One of the most difficult pieces of league organization is team formation. Team formation brings together a lot of different factors including groups, skill balance, and attendance among other things.
The primary goal when building the team generation piece of the Ann Arbor Ultimate league application was to make this an easy process (select captains, choose number of teams, click “Go!”). Other goals of the league and the team generation feature are:
- We want to allow players to sign up by themselves or in a small group. We strong believe that reducing the barrier for entry (vs. similar clique/bring-your-own-team leagues) is key in introducing the sport to more players.
- Each team should have the same number of women on it (+/- 1, based on the number of registrations).
- Each team should be roughly equivalent in number and skill (i.e. playing time should be equal and any team should be able to beat any other team).
- By using an open-source algorithm to generate teams (generate, not form), we are removing the human element and giving league organizers a bit of a scape-goat. Bad team? Really good team? At least they can’t fully blame the organizers. It’s work in progress. :)

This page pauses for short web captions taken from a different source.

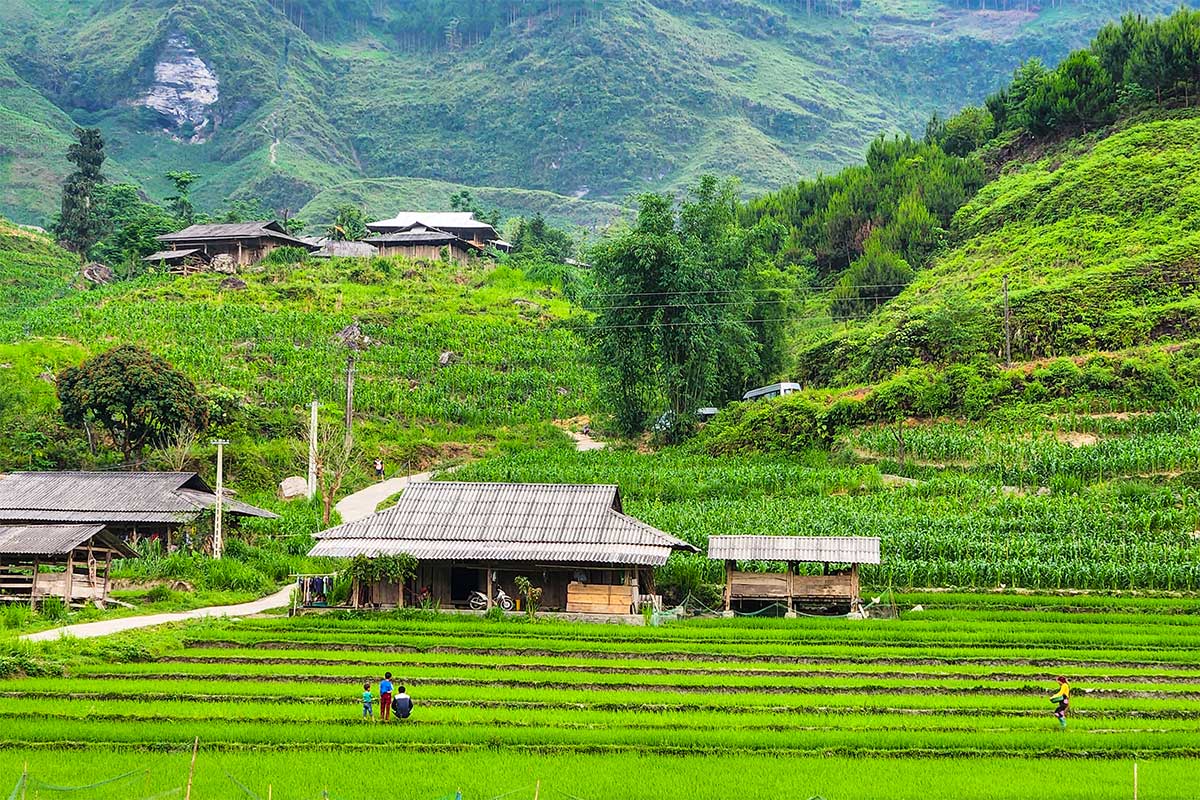 Top 5 Peaceful Villages in Ha Giang: An Authentic Escape 8 Du Gia village: A hidden paradise amidst lush green valleys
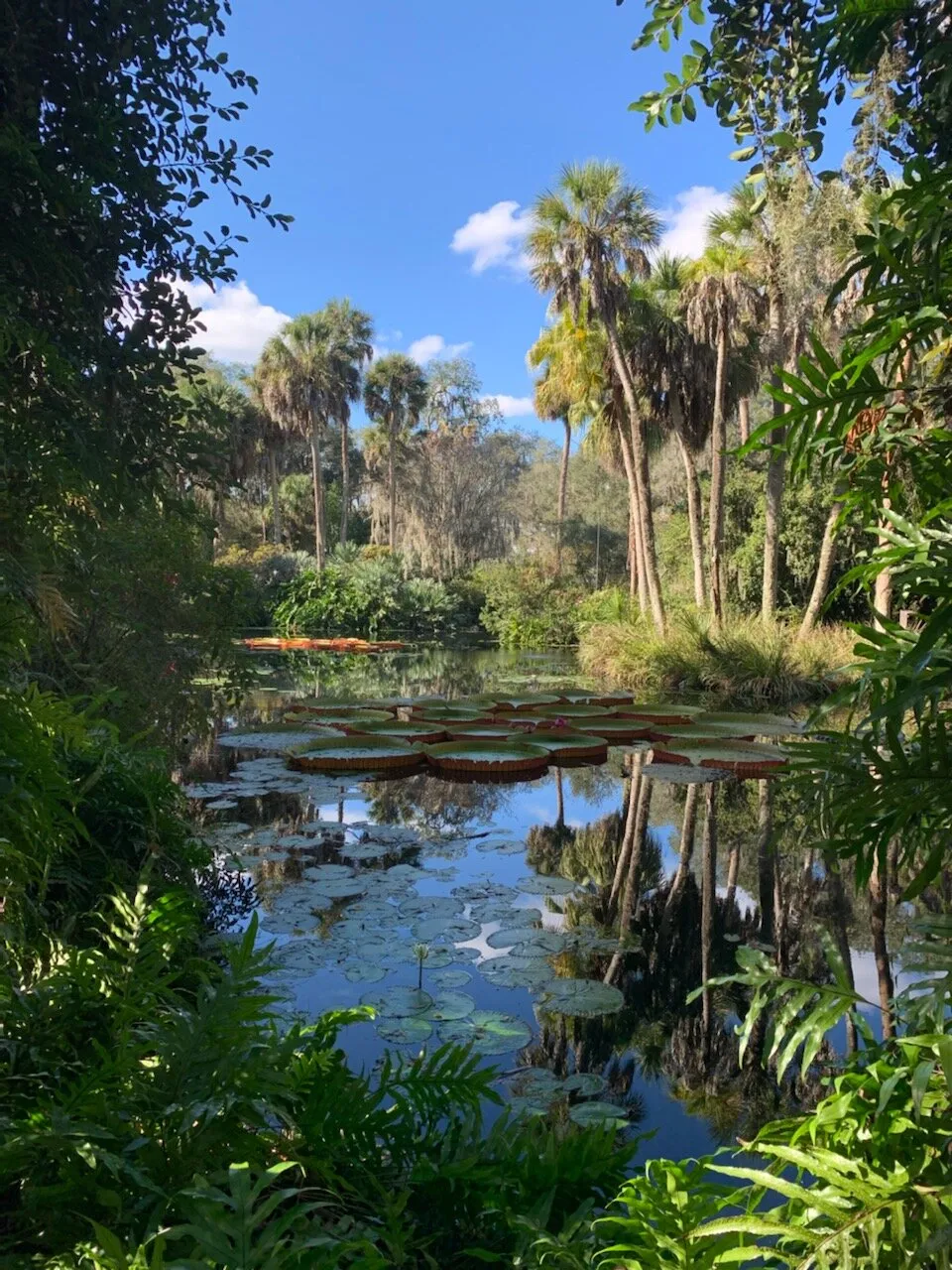 The Lilly pads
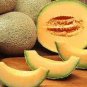 Korea Sweet Melon Seeds Very Delicious Hami Melon Muskmelon 20 Seeds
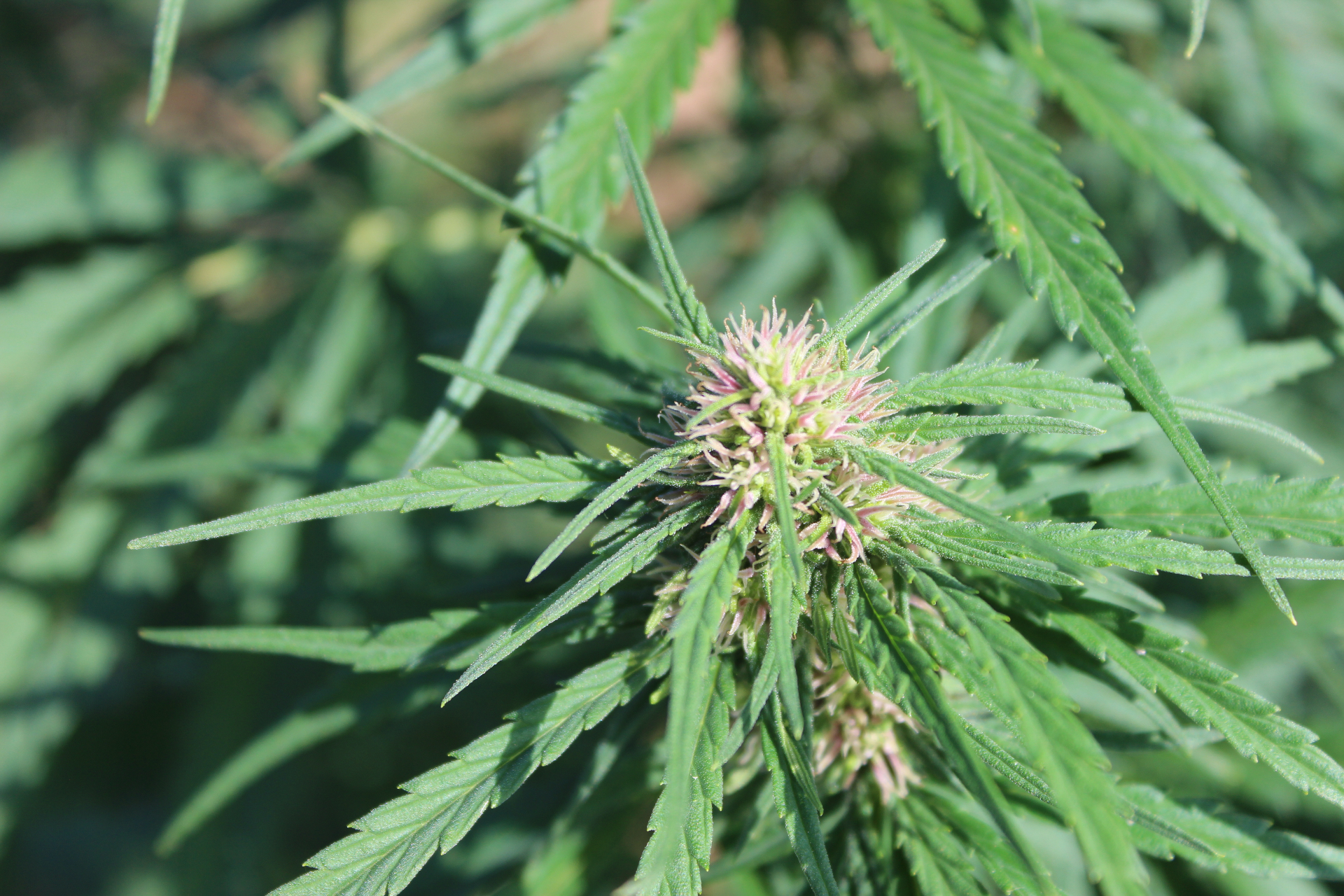 Was ist Vollspektrum-CBD?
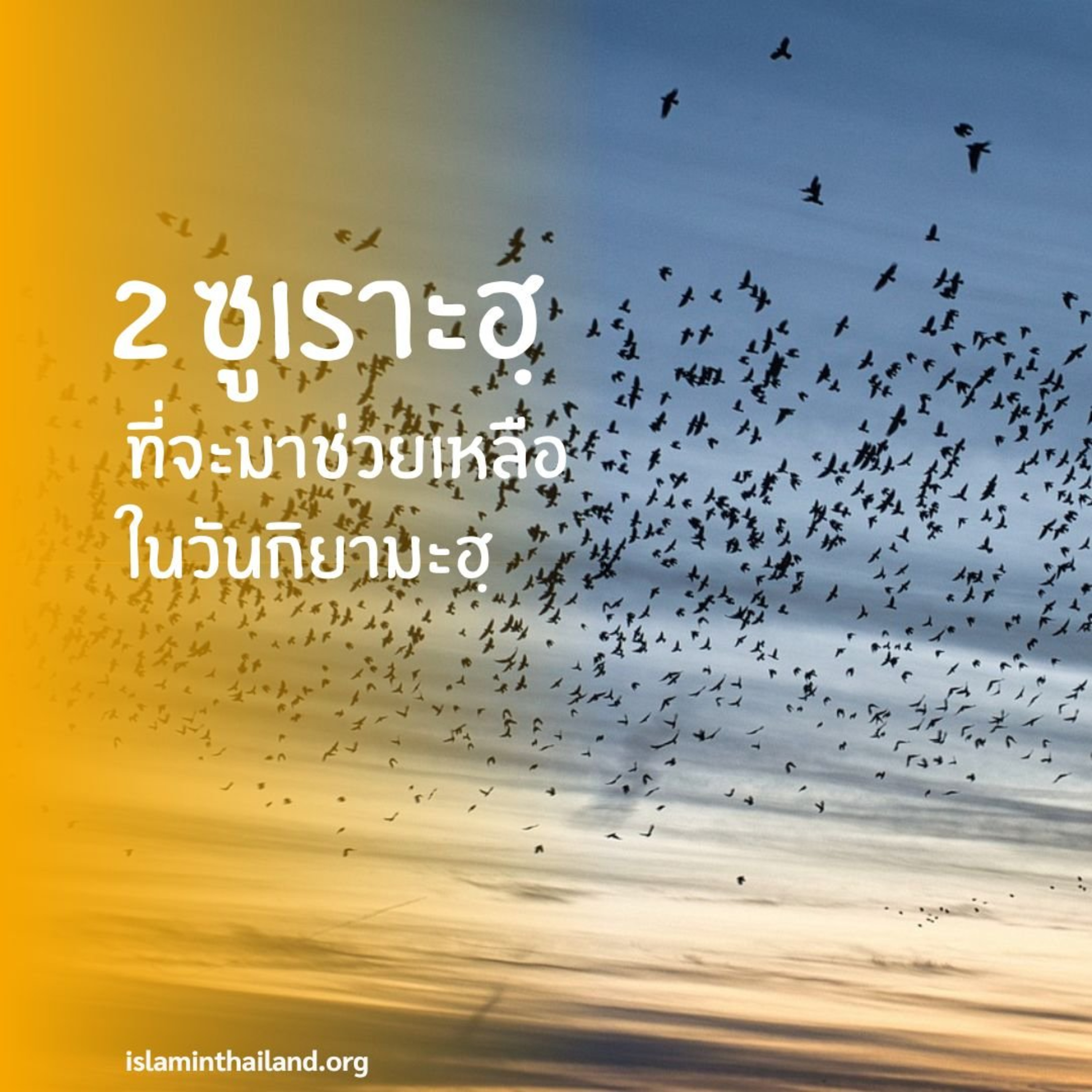 ความประเสริฐของบะเกาะเราะฮและอาลิอิมรอน episode artwork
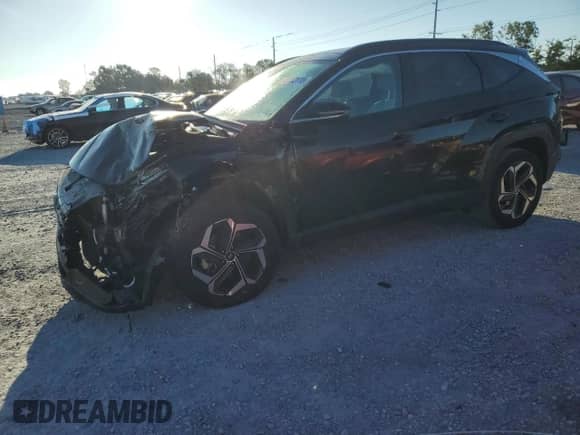 2023 Hyundai Tucson Limited с VIN 5NMJECAE4PH284194, выставлен на аукционе Copart как лот 83752115 с пробегом 43 068 миль миль и Списание • Salvage title. История ставок и продаж доступна на DreamBid. Изображение 1.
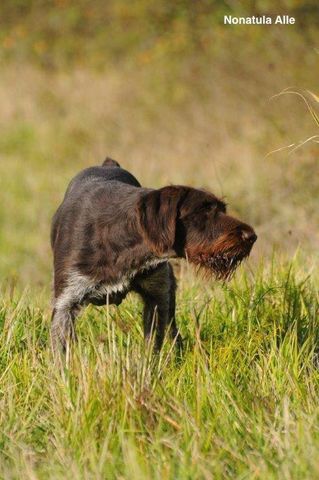 Notatula Alle | German Wirehaired Pointer 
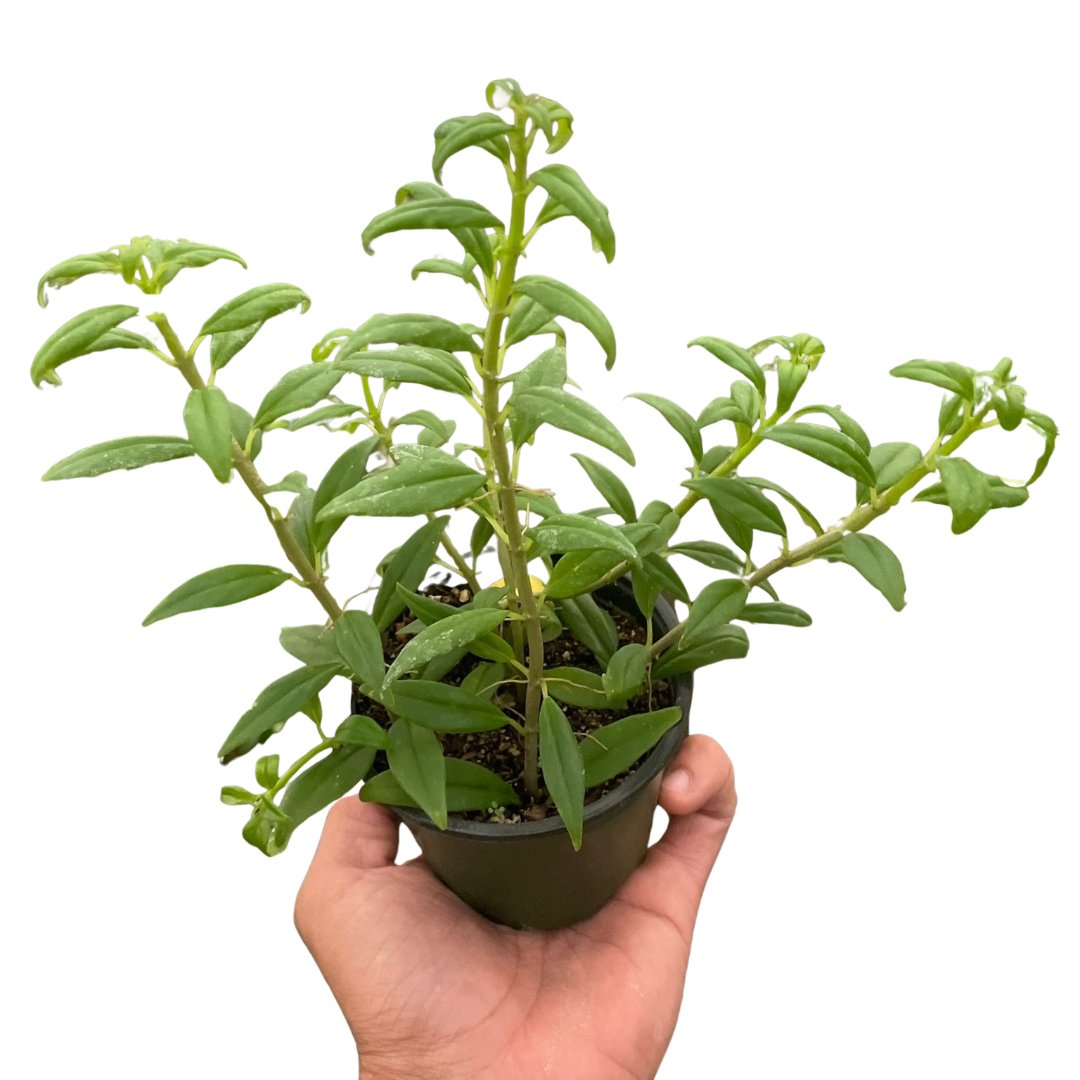 Nematanthus 'Flying Goldfish' Indoor Plant - Mental Houseplants™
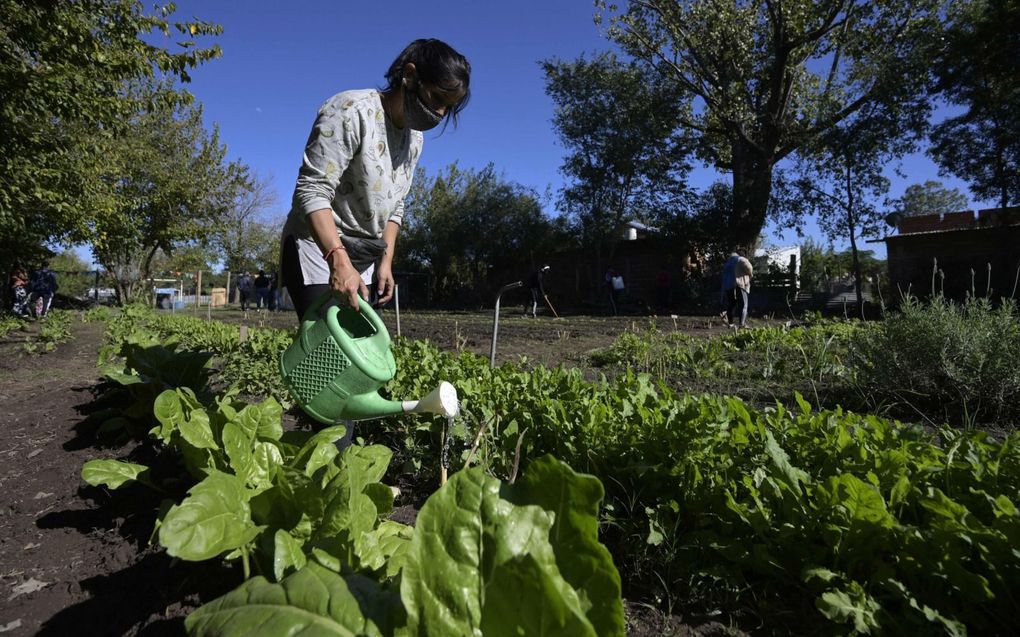 Een Argentijnse vrouw werkt in een moestuin Belen de Escobar, in de Argentijnse provincie Buenos Aires. beeld AFP, Juan Mabromata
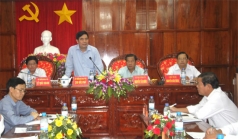 dien tich va san luong dieu o tay nguyen giam nhung khong dang ngai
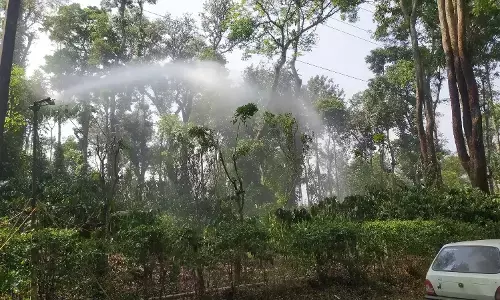 ಬಿಸಿಲ ಬೇಗೆಗೆ ಒಣಗುತ್ತಿವೆ ಕಾಫಿ ಗಿಡ, ಕಾಳುಮೆಣಸು ಬಳ್ಳಿಗಳು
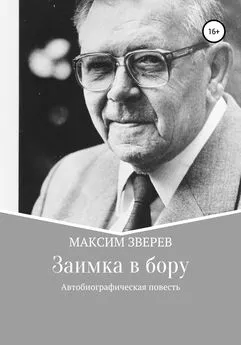 Максим Зверев - Заимка в бору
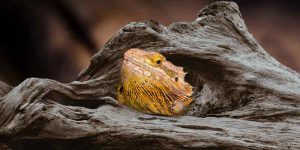 Best Hiding Places For Bearded Dragons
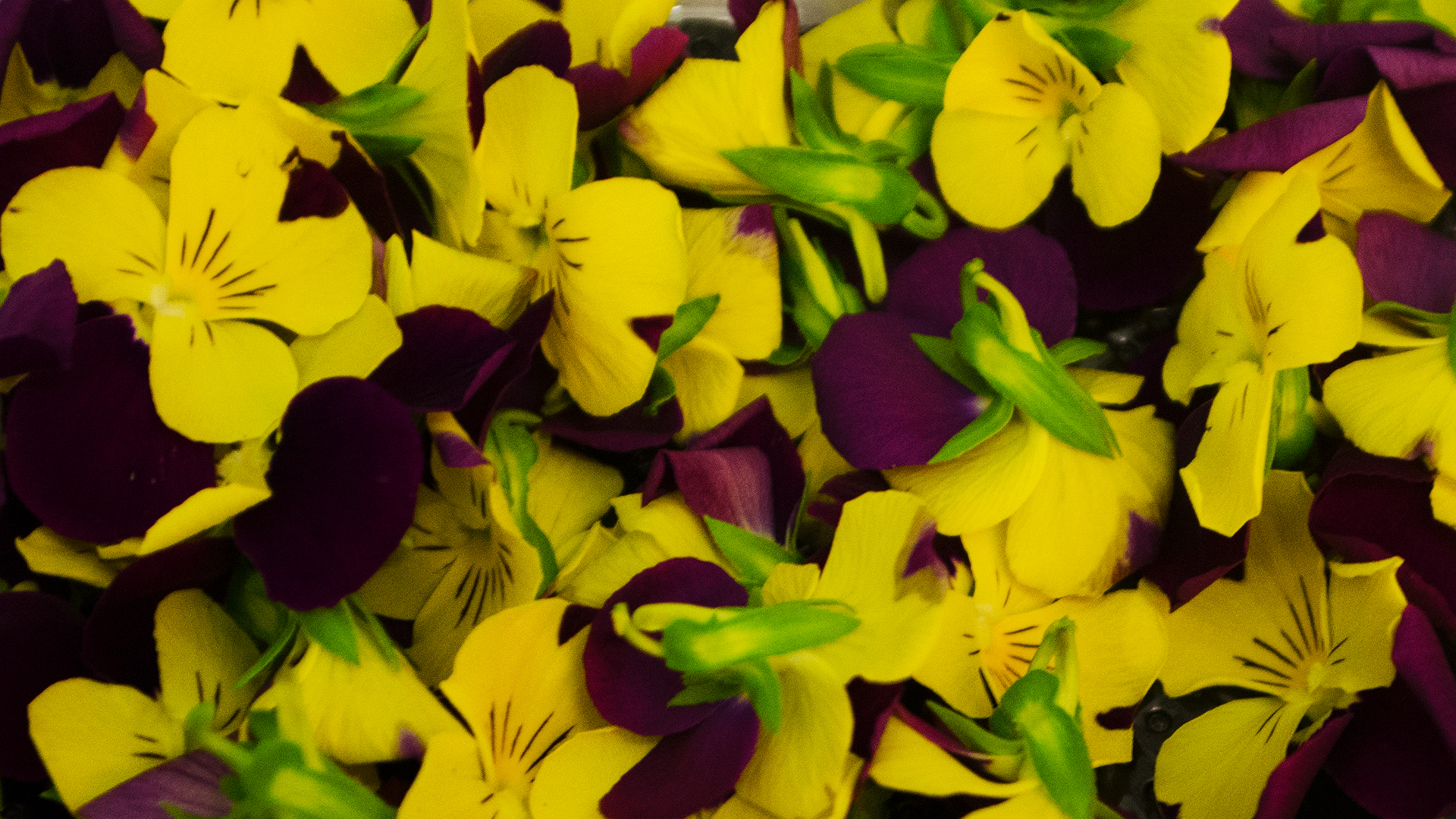 Hornveilchen lila/ gelb - Essbare Blüten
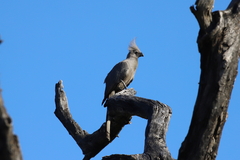 Corythaixoides concolor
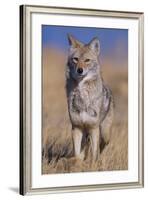 Coyote-DLILLC-Framed Photographic Print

These goals were largely achieved, but it has gone under a number of revisions. For instance, we’ve reversed the distribution placing lower ranked players first. We placed a higher importance on splitting up new players than splitting up veterans. This was just one change, but seems to give us slightly better results.
How does it work?
Each player is basically defined by three characteristics; their gender, their composite rating, and their attendance. The composite rating is determined by providing a weight for each of the skill answers provided. Each player is then placed into groups, which are ordered by size and then combined skill.
Teams are generated by first placing captains. After that, all groups with a woman are placed according to the number of women and skill. Finally, men are placed based on group size and skill level.
After a few seconds, you’ve got your teams. The output should have an even number of women, an even number of total players, and skill levels and attendance that are pretty close.